Ouf ! Un tableau apparemment simple, mais qui m’a pris un temps inhabituellement long. Quoiqu’il en soit, j’ai dessiné une montagne au fusain numérique après avoir visionné une vidéo de Steve Elliot, un artiste de la région de Nottingham dans le Royaume-Uni qui vient de faire la transition vers le numérique. Sa vidéo m’a vite ramené au plaisir du dessin à l’encre, mais après un premier trait à l’encre (numérique), j’ai utilisé le fusain (numérique) pour édifier la falaise; les épinettes se sont imposées d’emblée, mais sur un ton diffus. Tableau numérique 9 x 16.

Cohabitation heureuse

Ce n’est pas d’hier que j’affectionne les jardins alpins. On y fréquente les deux mondes (minéral et végétal) en parfaite symbiose. Ces deux mondes illustrent la rigidité, la froideur en même temps que la douceur et la chaleur. Ce tableau est issu d’une photo prise au chalet à Baie-St-Paul en juin 2017. Dans ce tableau, je n’ai utilisé que deux catégories de pinceau, fusains et rétro, mais j’ai dû paramétrer la taille et l’intensité du coup de pinceau. Tableau numérique 17 x 11.

À l’orée du rêve

L’appropriation des outils de l’application numérique de dessin ouvre spontanément la voie à la peinture abstraite. Mes premiers tableaux en sont une illustration bien humble. Amoureux de la nature québécoise, j’ai navigué sur l’Internet et localisé un artiste dont la chaîne sur YouTube inclut des paysages: James Julier du Royaume-Uni. Le présent tableau est une application de la recette présentée par cet artiste, mais en dessinant les arbres à ma façon et en ajoutant de la texture tant sur terre que dans l’eau. Tableau numérique 36 x 24.

Cigogne en noir et blanc

Aujourd’hui, je me suis présenté à un atelier pour dessiner au fusain un animal de mon choix sur un tableau grand format. Le matin, je me suis familiarisé avec les divers bâtons de fusain. J’ai eu beaucoup de plaisir à marquer le papier, à estomper le dessin et à appliquer la mie de pain. Fusain sur papier aquarelle. Tableau 20 x 30.

Cascade d’eau

En attendant de poursuivre au prochain atelier le tableau au papier de soie, j’ai eu envie de peindre une cascade d’eau…à l’aquarelle. Il m’a rappelé la période au cours de laquelle je pensais m’inscrire au certificat en arts visuels. Fusain et aquarelle sur papier Arches. Tableau 6 x 12.

Chute sauvage

Inspiré d’un tableau acheté à l’occasion de ma retraite, je pense avoir trouvé une veine à exploiter. Mon coup de fusain est plus dynamique et plus sûr. J’aime me retrouver devant une chute comme celle du Manitou sur la Côte Nord. Tableau 18 x 24.

 

Baignade en famille

J’ai terminé une première série de cours sue la composition picturale. Le dernier exercice consistait en une pyramide monolithique inversée. C’est la première fois que mon dessin s’approchait le plus de la composition demandée. Tableau 18 x 24.

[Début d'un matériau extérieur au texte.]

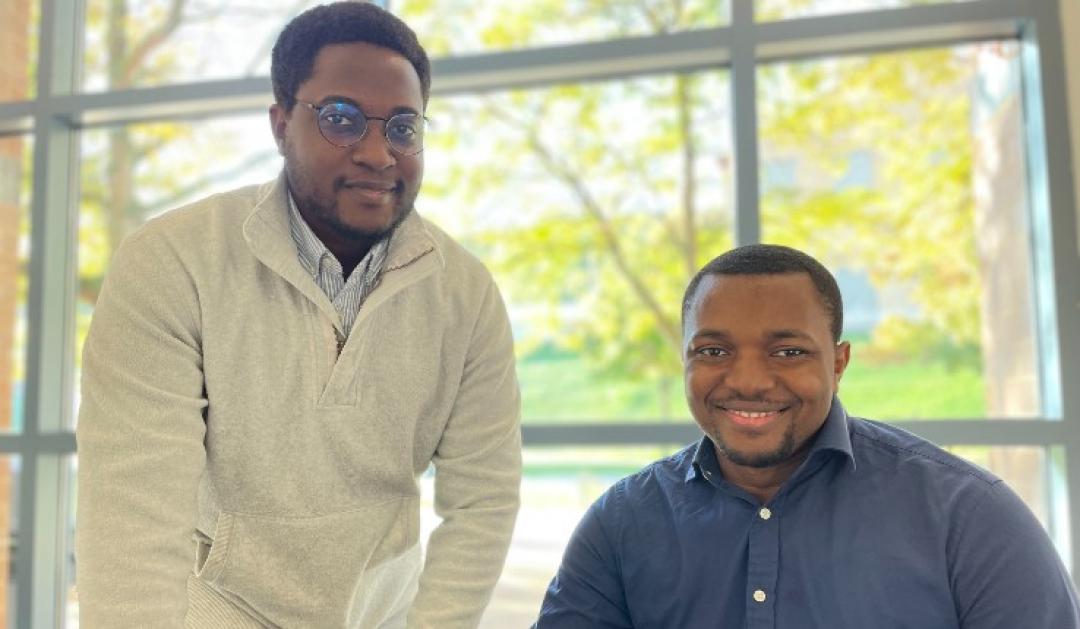 Dara Ofulue, left, and Olu Adebayo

Encore une fois, j’aime la texture du fusain et son aspect monochromatique. En janvier, je m’initierai au pastel et à la couleur.

Montagne ennuagée

Ici, il s’agit d’un exercice de composition de forme pyramidale monolithique. Il semble que j’ai plutôt réussi à installer une dualité entre la base de la montagne et les nuages. J’ai cependant réussi à créer une atmosphère. Tableau 18 X 24.